Recipe by our fave Thierry Le Feuvre

Batter for about 15 crêpes

This is my recipe for the batter – you may have your own favourite way of doing it, so if you have a preferred pancake recipe feel free to use that with the topping as per below!

  • 3 eggs free range
  • 100g caster sugar
  • 20g salted butter
  • 1 litre full fat milk
  • 500g flour
  • optional dark rum

1. In a bowl , whisk the eggs with the sugar
2. Melt the butter and add to the mix
3. Add 500ml milk
4. Whisk and combine the flour slowly ,in little amount.
5. Add the 500ml milk left – you can possibly add a good dash of dark rum at this point if desired
7. Let the batter stand for 1 hour

To make the crêpes

Heat your frying pan over a medium heat and oil with a little melted butter. Using a ladle or mug, pour some of your batter in and swirl the pan so that you thinly coat the bottom. Cook for about 45 secs – 1 minute (as the pan gets hotter your crêpes will cook faster!) until golden brown, and then use a spatula or similar to flip the crêpe over and cook the other side – about 30 seconds, or until it becomes freckled (the confident amongst you can flip the crêpe directly from the pan – and remember, the first one ALWAYS goes wrong)

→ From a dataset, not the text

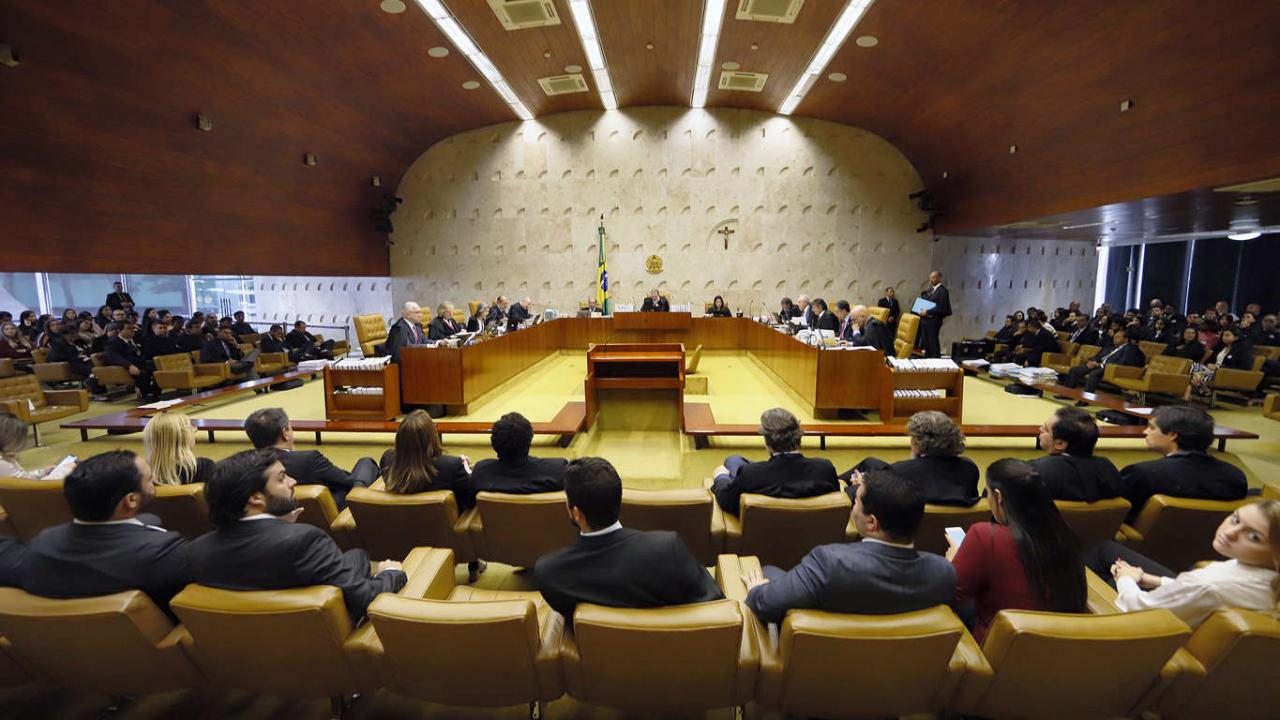 Na contramão de Bolsonaro, STF pode determinar exigência de passaporte sanitário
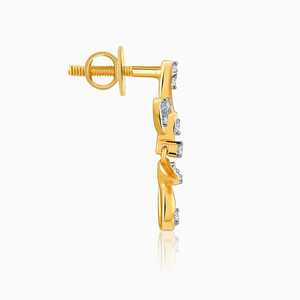 Pendientes de Diamantes GIVA Jewellery Heer Grab Gold Leaflight Collection para Mujeres que Buscan Elegancia Refinada - Product Image 3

Put the crêpes aside on a plate as you go along, and put a piece of foil over them to keep them warm and soft.

For the caramelised pineapple

  • 1 Pineapple
  • 100g salted butter
  • 200g caster sugar
  • 80 ml double cream
  • 20 ml spiced rum ( a little bit more if you like, or for an alcohol free dessert you could switch the rum for pineapple juice)
  • grated coconut, to serve
  1. Peel the pineapple and cut it in 2cm thick chunks.
  2. Set the hob to high heat.
  3. In a frying pan, melt the butter.
  4. Pour the sugar and the pineapple chunks .
  5. When chunks are caramelised on both sides, pour over the double cream and rum to stop the caramelisation.

To serve

Place 3-4 pineapple chunks or more on a folded pancake, pour over some caramel, and sprinkle with grated coconut.

Bon appétit!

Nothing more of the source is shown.